- _Data_
=== Begin Enclosure ===
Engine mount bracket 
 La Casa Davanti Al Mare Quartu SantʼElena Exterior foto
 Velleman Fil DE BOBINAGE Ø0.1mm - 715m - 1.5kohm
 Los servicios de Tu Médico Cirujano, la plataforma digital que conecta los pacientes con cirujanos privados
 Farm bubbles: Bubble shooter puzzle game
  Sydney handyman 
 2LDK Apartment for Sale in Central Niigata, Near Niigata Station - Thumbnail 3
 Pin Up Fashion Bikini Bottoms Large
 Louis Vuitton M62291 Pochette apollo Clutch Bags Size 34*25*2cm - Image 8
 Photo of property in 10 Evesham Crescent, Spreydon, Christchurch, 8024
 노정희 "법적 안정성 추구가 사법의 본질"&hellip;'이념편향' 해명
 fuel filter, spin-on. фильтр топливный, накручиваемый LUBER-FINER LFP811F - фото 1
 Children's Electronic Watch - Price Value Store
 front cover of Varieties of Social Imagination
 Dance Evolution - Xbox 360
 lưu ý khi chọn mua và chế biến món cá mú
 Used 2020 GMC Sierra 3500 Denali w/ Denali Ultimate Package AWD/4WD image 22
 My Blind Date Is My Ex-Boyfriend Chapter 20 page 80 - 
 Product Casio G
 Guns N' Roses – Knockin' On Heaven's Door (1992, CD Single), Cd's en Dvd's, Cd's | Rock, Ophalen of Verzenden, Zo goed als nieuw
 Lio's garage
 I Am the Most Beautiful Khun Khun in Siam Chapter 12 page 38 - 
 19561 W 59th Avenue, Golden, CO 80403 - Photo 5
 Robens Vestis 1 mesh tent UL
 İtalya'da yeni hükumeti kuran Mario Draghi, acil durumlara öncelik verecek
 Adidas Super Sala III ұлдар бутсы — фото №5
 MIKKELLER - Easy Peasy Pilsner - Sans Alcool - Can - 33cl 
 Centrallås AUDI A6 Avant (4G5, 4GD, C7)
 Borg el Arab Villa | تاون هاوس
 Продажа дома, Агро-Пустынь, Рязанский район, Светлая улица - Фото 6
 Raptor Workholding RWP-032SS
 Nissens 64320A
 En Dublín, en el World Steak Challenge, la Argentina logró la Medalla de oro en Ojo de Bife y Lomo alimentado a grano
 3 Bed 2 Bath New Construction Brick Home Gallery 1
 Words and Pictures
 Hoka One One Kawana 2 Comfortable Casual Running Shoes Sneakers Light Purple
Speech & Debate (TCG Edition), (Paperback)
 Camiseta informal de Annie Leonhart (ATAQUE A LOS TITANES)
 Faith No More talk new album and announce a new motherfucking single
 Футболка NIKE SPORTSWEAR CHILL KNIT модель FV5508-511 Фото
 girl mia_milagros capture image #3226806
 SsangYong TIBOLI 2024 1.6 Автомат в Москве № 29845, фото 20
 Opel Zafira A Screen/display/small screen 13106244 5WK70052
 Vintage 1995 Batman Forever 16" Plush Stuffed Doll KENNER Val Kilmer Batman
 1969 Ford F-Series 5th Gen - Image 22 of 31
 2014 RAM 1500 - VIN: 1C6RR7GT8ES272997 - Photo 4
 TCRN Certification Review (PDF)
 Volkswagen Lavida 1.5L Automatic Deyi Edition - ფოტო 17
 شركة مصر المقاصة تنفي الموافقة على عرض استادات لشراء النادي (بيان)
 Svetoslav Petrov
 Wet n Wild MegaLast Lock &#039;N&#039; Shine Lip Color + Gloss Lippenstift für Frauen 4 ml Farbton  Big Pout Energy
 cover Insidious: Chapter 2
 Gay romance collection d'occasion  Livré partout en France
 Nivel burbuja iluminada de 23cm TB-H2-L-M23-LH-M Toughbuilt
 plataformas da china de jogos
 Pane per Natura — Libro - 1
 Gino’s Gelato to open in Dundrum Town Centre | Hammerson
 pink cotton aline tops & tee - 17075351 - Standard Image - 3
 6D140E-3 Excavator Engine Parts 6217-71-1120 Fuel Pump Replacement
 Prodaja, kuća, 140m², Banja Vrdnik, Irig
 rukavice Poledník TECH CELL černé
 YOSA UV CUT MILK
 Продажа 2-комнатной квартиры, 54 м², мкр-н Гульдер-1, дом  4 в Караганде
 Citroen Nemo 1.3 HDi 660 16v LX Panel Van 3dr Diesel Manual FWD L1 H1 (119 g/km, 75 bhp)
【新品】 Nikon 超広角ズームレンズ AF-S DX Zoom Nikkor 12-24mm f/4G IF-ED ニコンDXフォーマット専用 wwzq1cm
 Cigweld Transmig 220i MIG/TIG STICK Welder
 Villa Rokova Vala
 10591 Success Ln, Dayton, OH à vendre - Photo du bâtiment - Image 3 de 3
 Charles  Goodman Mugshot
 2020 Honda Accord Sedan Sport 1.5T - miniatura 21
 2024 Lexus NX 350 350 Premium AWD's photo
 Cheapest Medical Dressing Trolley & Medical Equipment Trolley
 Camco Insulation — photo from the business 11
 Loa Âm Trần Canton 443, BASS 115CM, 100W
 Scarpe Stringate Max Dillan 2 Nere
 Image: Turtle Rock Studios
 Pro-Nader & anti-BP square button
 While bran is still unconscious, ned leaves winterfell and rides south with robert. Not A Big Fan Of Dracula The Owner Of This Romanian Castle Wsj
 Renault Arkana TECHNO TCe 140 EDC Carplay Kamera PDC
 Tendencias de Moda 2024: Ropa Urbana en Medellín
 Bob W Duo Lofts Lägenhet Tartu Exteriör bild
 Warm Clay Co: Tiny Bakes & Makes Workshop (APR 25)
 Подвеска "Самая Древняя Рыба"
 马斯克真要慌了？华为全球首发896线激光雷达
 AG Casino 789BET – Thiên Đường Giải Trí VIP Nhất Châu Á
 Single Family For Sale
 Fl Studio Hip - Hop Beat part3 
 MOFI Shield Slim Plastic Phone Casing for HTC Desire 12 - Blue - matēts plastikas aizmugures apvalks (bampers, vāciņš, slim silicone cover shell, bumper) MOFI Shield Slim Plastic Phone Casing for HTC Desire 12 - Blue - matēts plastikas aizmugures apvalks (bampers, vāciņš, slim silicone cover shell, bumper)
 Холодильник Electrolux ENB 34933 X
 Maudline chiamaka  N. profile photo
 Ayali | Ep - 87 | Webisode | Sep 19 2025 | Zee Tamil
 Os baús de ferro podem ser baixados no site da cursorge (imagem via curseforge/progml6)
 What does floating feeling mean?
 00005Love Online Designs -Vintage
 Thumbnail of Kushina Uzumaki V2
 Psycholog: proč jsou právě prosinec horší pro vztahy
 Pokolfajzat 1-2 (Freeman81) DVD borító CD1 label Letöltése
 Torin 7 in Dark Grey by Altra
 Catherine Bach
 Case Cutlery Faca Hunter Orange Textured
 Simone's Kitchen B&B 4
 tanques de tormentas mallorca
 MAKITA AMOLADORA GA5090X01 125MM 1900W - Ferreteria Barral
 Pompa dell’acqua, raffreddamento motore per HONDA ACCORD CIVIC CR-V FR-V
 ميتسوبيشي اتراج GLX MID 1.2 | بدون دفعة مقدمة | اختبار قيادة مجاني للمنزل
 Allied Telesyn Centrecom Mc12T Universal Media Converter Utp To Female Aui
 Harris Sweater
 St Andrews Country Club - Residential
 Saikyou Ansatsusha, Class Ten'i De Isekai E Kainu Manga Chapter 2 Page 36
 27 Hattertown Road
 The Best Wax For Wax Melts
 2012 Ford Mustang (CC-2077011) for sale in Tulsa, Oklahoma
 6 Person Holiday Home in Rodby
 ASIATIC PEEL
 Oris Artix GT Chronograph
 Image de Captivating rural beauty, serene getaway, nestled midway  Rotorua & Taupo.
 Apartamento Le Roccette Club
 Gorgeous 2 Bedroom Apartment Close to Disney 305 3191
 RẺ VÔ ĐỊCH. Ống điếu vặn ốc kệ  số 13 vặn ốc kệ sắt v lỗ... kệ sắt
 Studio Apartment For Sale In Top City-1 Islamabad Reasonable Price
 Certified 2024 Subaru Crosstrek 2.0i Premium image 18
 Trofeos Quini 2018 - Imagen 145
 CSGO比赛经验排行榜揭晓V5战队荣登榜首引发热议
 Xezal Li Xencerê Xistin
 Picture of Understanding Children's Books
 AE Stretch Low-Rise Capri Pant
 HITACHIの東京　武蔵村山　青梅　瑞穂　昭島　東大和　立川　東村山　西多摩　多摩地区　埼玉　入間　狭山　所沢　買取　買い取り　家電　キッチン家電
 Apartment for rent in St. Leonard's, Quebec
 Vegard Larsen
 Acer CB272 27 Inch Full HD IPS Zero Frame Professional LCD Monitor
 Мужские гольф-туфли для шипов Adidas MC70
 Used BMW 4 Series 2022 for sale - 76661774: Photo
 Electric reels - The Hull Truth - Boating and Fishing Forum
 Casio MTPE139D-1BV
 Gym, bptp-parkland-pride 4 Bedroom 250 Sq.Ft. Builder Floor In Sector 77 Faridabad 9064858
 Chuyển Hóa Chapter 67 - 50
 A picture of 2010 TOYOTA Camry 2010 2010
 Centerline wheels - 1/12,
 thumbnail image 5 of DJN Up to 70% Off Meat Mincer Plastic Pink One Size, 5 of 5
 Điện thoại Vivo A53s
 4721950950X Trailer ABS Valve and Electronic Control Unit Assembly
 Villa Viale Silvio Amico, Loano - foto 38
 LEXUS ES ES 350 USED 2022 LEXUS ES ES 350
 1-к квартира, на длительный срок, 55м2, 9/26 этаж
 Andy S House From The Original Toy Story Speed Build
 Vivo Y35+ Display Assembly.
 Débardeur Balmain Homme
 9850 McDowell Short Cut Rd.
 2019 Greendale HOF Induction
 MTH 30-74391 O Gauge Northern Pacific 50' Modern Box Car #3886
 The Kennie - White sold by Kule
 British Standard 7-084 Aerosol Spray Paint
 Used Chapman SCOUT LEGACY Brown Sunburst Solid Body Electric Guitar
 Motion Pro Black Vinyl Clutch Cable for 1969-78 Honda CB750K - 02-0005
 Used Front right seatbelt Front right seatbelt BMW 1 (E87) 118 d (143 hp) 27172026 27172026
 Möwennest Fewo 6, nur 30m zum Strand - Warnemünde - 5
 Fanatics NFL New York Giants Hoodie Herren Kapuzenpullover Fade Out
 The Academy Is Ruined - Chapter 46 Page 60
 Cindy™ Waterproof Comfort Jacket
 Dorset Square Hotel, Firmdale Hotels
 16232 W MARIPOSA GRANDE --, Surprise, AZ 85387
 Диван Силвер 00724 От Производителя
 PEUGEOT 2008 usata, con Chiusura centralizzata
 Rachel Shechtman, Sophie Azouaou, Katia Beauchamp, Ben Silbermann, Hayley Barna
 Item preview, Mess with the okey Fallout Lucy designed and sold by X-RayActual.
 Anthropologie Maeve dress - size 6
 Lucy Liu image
=== End Enclosure ===
- _The problem_
Please output exactly the lines between the one holding "00005Love Online Designs -Vintage" and the one holding "Vegard Larsen" in the records above, inclusive, and nothing more.

- _Completed exercise_
 00005Love Online Designs -Vintage
 Thumbnail of Kushina Uzumaki V2
 Psycholog: proč jsou právě prosinec horší pro vztahy
 Pokolfajzat 1-2 (Freeman81) DVD borító CD1 label Letöltése
 Torin 7 in Dark Grey by Altra
 Catherine Bach
 Case Cutlery Faca Hunter Orange Textured
 Simone's Kitchen B&B 4
 tanques de tormentas mallorca
 MAKITA AMOLADORA GA5090X01 125MM 1900W - Ferreteria Barral
 Pompa dell’acqua, raffreddamento motore per HONDA ACCORD CIVIC CR-V FR-V
 ميتسوبيشي اتراج GLX MID 1.2 | بدون دفعة مقدمة | اختبار قيادة مجاني للمنزل
 Allied Telesyn Centrecom Mc12T Universal Media Converter Utp To Female Aui
 Harris Sweater
 St Andrews Country Club - Residential
 Saikyou Ansatsusha, Class Ten'i De Isekai E Kainu Manga Chapter 2 Page 36
 27 Hattertown Road
 The Best Wax For Wax Melts
 2012 Ford Mustang (CC-2077011) for sale in Tulsa, Oklahoma
 6 Person Holiday Home in Rodby
 ASIATIC PEEL
 Oris Artix GT Chronograph
 Image de Captivating rural beauty, serene getaway, nestled midway  Rotorua & Taupo.
 Apartamento Le Roccette Club
 Gorgeous 2 Bedroom Apartment Close to Disney 305 3191
 RẺ VÔ ĐỊCH. Ống điếu vặn ốc kệ  số 13 vặn ốc kệ sắt v lỗ... kệ sắt
 Studio Apartment For Sale In Top City-1 Islamabad Reasonable Price
 Certified 2024 Subaru Crosstrek 2.0i Premium image 18
 Trofeos Quini 2018 - Imagen 145
 CSGO比赛经验排行榜揭晓V5战队荣登榜首引发热议
 Xezal Li Xencerê Xistin
 Picture of Understanding Children's Books
 AE Stretch Low-Rise Capri Pant
 HITACHIの東京　武蔵村山　青梅　瑞穂　昭島　東大和　立川　東村山　西多摩　多摩地区　埼玉　入間　狭山　所沢　買取　買い取り　家電　キッチン家電
 Apartment for rent in St. Leonard's, Quebec
 Vegard Larsen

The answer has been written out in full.